About one in six parents have skipped or delayed vaccinating their children against diseases other than COVID-19 or the flu, according to a new poll from The Washington Post and healthcare policy nonprofit KFF.
The poll’s findings show that 16 percent of parents are forgoing getting their children vaccinated for diseases other than COVID-19 or the flu, with White parents, Republicans, the religious and those homeschooling their kids more likely to skip the shots.
American parents who homeschool a child and those who consider themselves to be very religious are the most likely to delay giving their children vaccines, with 46 percent and 36 percent forgoing inoculations for their kids, respectively.
Americans who identify as Republicans are almost two times more likely to skip or delay vaccinating their children for diseases other than COVID-19 and the flu, with 22 percent and 12 percent, respectively, choosing to do so.
Similarly, White Americans are nearly four times as likely to skip or delay vaccinating their children compared to Asian Americans, with 19 percent and 5 percent, respectively, forgoing or putting off inoculating their kids, according to the poll.
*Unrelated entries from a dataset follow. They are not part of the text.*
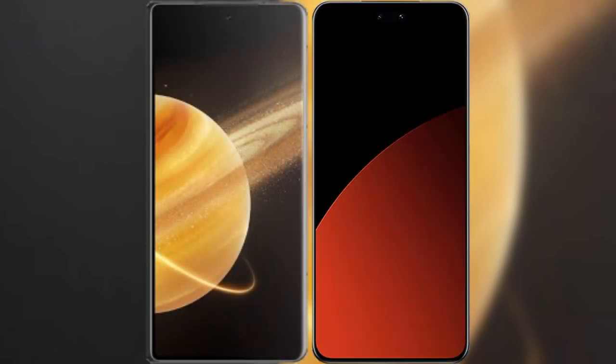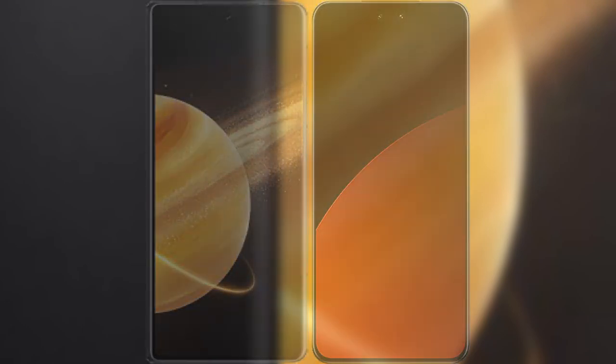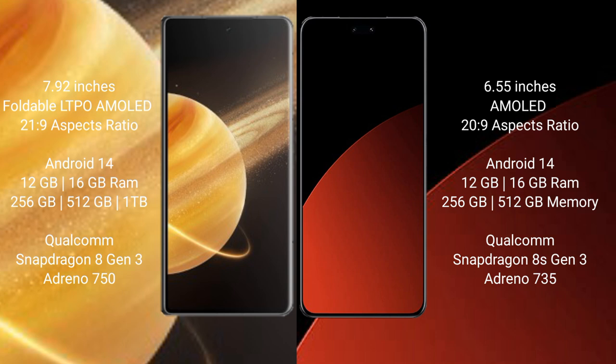I will compare the new Honor Magic V3 with the Samsung CB4 Pro. Honor Magic V3 comes with a 9.92-inch foldable LTPO AMOLED display and 120Hz refresh rate. Samsung CB4 Pro has a 6.55-inch AMOLED display and 120Hz refresh rate.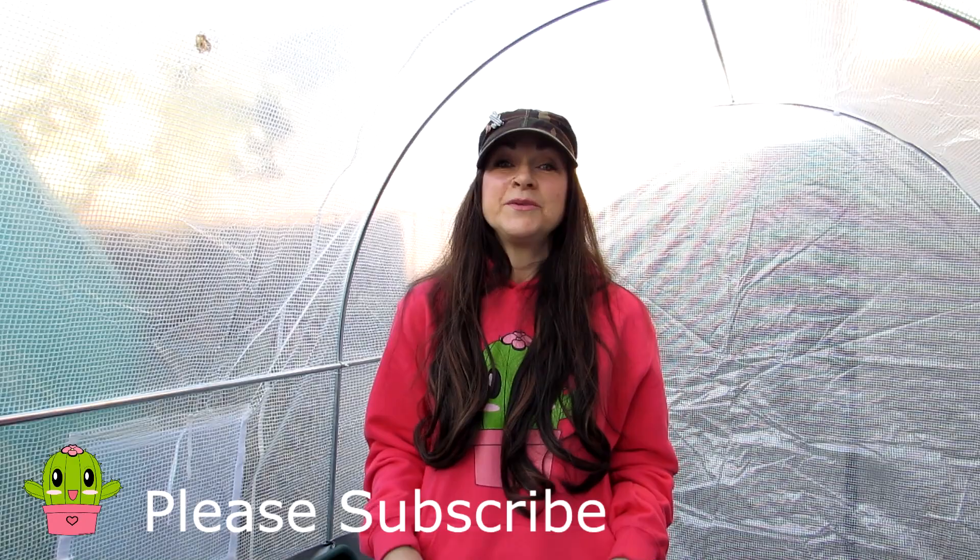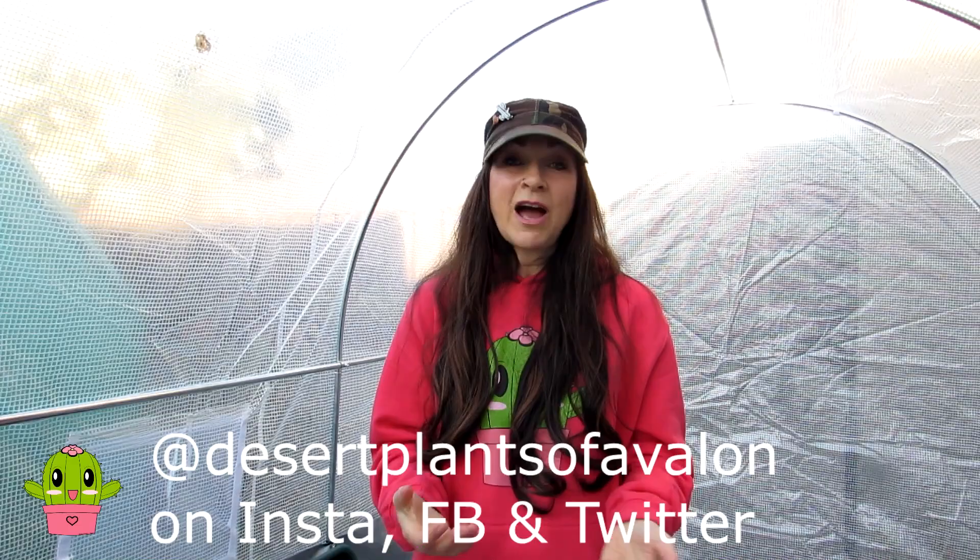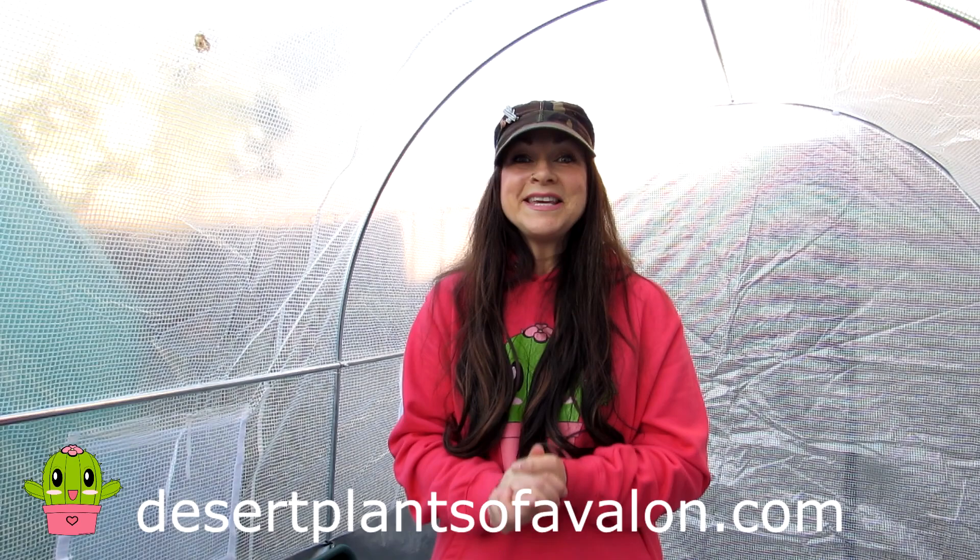I hope you found that video useful! You should now know when to get repotting, especially if it's spring for you like it is for me. Please subscribe to my channel and click the notification bell so you're notified of new videos. You can also follow me on Instagram, Twitter and Facebook at Desert Plants of Avalon, and check out my website DesertPlantsOfAvalon.com for more growing tips. Happy growing!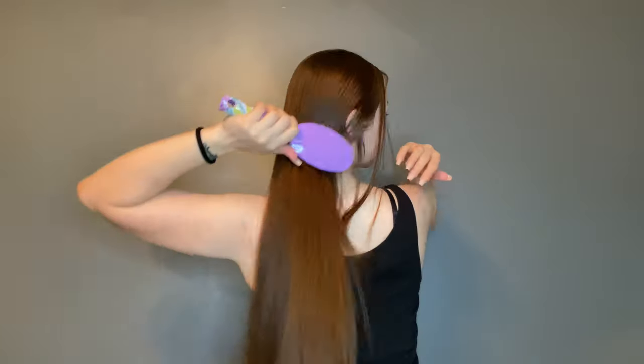Y'all, see how silky and smooth my hair is — I am speechless. Dollar Tree really came through. I had to come back and show y'all with my hair dry. How are Dollar Tree products better than what I normally use? Do y'all see the shininess? My body feels refreshed and moisturized, my face is glowing, and my hair feels amazing.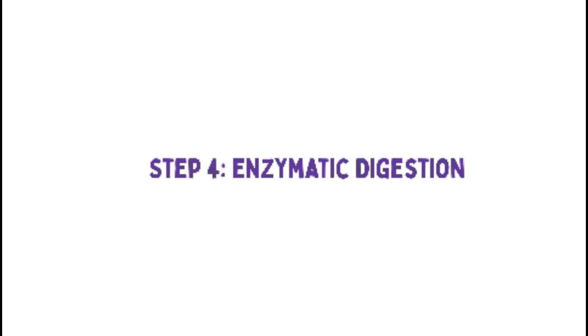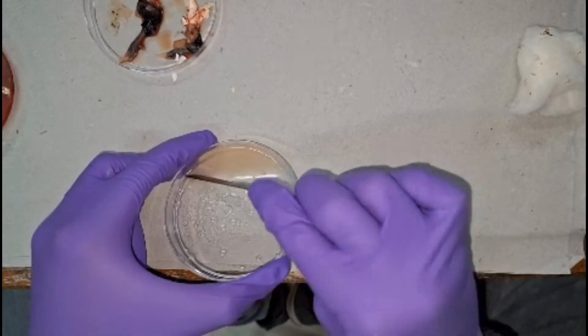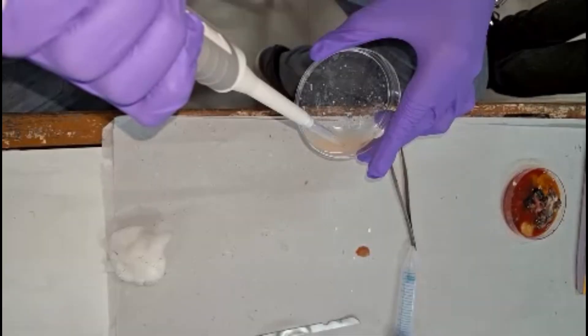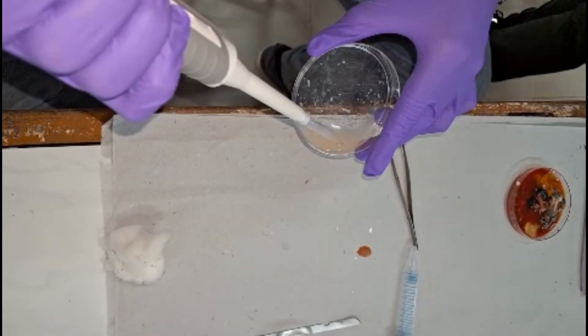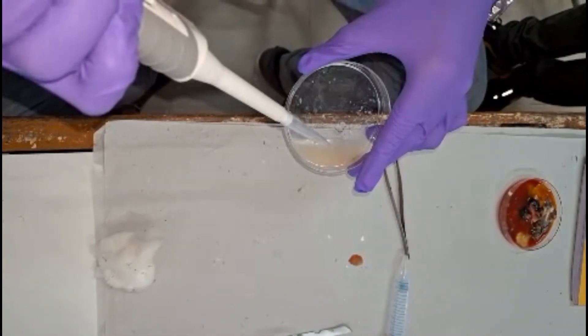Step 4: Minced tissue is incubated with trypsin EDTA solution — in some cases collagenase can also be used — at 37 degrees Celsius for 10 to 15 minutes to break down the extracellular matrix. This allows the fibroblasts to dissociate from the tissue.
Other poll findings show that fewer children are being vaccinated in the United States. A KFF poll released in early August found that 92.5 percent of kindergarteners were vaccinated against measles, mumps, rubella, and polio, and 92.1 percent against DTaP (diphtheria, tetanus, and acellular pertussis) during the 2024-25 school year.
Those rates are drops from 2019-20 numbers when 95 percent of kids had received the MMR, polio and DTaP vaccines.
Public health experts typically recommend vaccination rates of 95 percent to protect communities from disease transmission.
Vaccination rates among children have been declining since the COVID-19 pandemic, and public health experts worry that those rates will continue to fall as Department of Health and Human Services Secretary Robert F. Kennedy Jr, a prominent vaccine skeptic, continues to change federal vaccine policy.
The Post-KFF poll shows that concerns over vaccines are, at least in part, driving parents’ decisions to forgo the shots.
Among parents who skipped or delayed vaccines, 67 percent said concerns over vaccine side-effects were a “major reason” they did not want their children to be inoculated, and 53 percent cited a lack of trust in vaccine safety as another major reason for forgoing the shots.
The Post-KFF poll was conducted on 2,716 parents or guardians of children under 18 between July 18 and August 4. Results have a margin of error of plus or minus 2 percentage points.